Q&A WITH SHELLYE ARCHAMBEAU

How did you break barriers and ceilings as a black woman in a white male dominated industry?

I’m very goal oriented and disciplined. I decided I wanted to run a business before I even started my career. Ignorance helped, in that I wasn’t constrained by the reality of the challenge when I set my goal. Once I set it, I was determined to achieve it. I focused on excelling at each role I had, and looking for constant opportunities to demonstrate my leadership capabilities. I practiced servant leadership, focusing on supporting my teams and people around me to be successful.

I took risky jobs, cultivated allies, mentors and ultimately sponsors. I let people know what I wanted each step of the way. I made many, many trade-offs, moving my family numerous times, commuting long distance, and ultimately taking on the sole financial support for my family. Ultimately, I turned being an outsider into an advantage. I built a strong reputation and because I was different, people remembered me.

What was your biggest challenge you faced in your career growth?

I was a senior sales exec for IBM and was ready for a management role. I was a top performer and my boss knew my aspirations. But IBM was going through financial challenges and roles were being consolidated and eliminated. Whenever I asked about. Promotion I was told I had the talent, track record and performance, but there just weren’t jobs available. I was frustrated because I was doing what I was supposed to do and yet I was stuck.

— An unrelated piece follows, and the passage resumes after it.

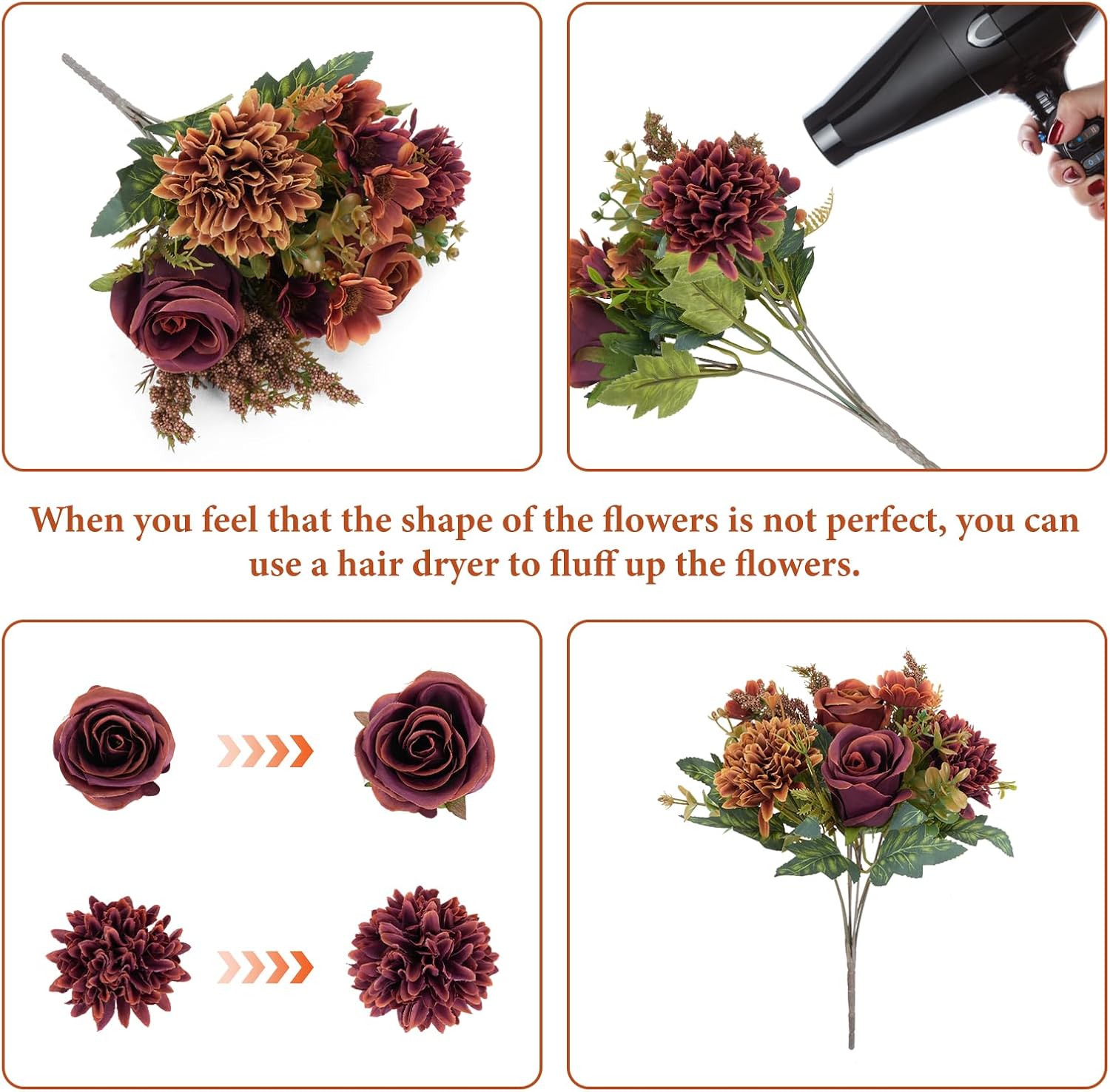 4 Pcs Fall Flowers Artificial Decoration, Silk Fall Bouquet Burgundy Orange image 3
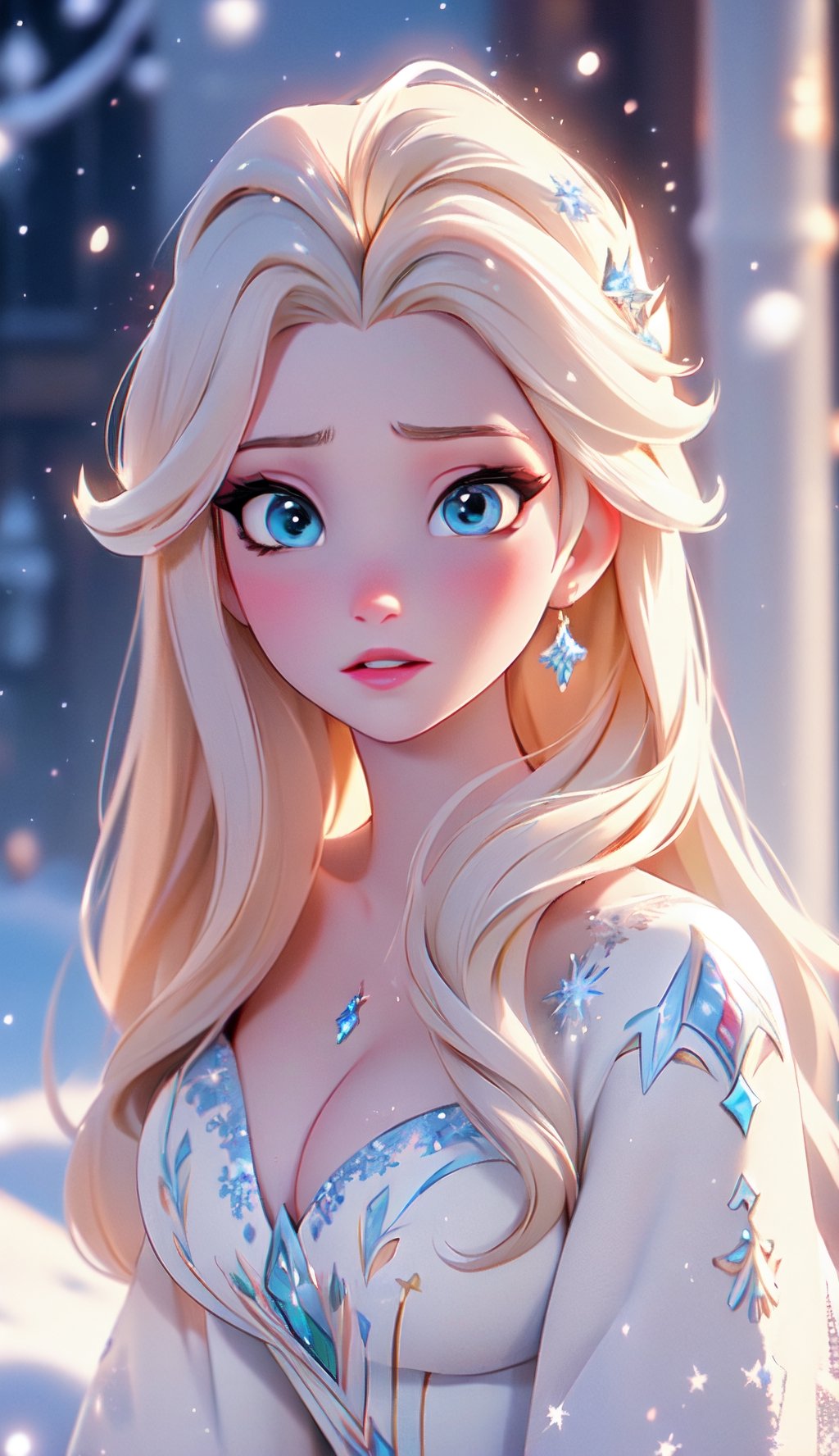 close up of face, Elsa from Frozen, (best quality, masterpiece, ultra detailed, highres, RAW image), perfect facial features, pale skin, blushing, blonde, long tousled hair, perfect eyes, perfect proportions, prestigeous, delicate, romantic, Elizabethan woman, winter christmas clothes, cleavage, romanticism, hirao style, snowy Christmas village in far background, snow field, pine trees, mountains, sunlight from above to give heavenly feeling, glitter, (falling snow), snowflakes, realistic.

After a year of this, I knew I was going to be off track with my personal career plan if I didn’t get the promotion soon. So I decided to look for the job I wanted outside of IBM. I interviewed and received a good offer. However, when I resigned my boss was shocked. Senior management rallied and found a promotion for me within the company. I stayed. The big lesson was goals aren’t good enough by themselves. They need to be time defined to truly drive your behavior.

What are your top tips on building your network and developing financial literacy?

Building a strong network isn’t collecting the most business cards. It’s creating relationships. My approach to building relationships is through giving. There are many ways to give. You can help people, inspire people, or educate people through advice. Now, you need to have people to give to. There are many ways to meet and interact with others. Get involved in areas of interest to you. Local alumni groups, professional organizations, book clubs, church committees, etc., you can also start your own.

When I moved to Silicon Valley, I didn’t have a network. I also didn’t have a lot of free time to pursue many different paths to creating my network. I was a CEO facing a major turnaround effort. So I created my own club by combing what I like to do. I enjoy entertaining, cooking, and wine. So I started a gourmet dinner club. As I encountered interesting people, I’d ask them if they liked to cook. If they did I’d describe the club I was creating and ask if they were interested. We had our first dinner with 12 people 9 months after we moved into our home. That club is now 16 years old with 50 members. It was the core of my initial network.

We don’t talk enough about money and I’m not referring to discussions about salary. I mean how to approach your finances. Research, commissioned by GuideVine — a service matching people with financial advisers — revealed over half of those polled (55 percent) feel lost when it comes to a long-term and stable financial plan. We have to personally educate ourselves with at least the basics: creating a budget, understanding the time value of money and compounding. Why? This understanding will help you make better choices.

I’ve always strived to create financial flexibility so that I’d have money for the important things in life. I worked all through college to pay for the portion of my expenses my parents didn’t cover and to build savings for a wedding that I would want one day. My parents helped with college, but let us know that wedding costs were on us. I ended up marrying soon after college graduation and was able to pay for the entire event.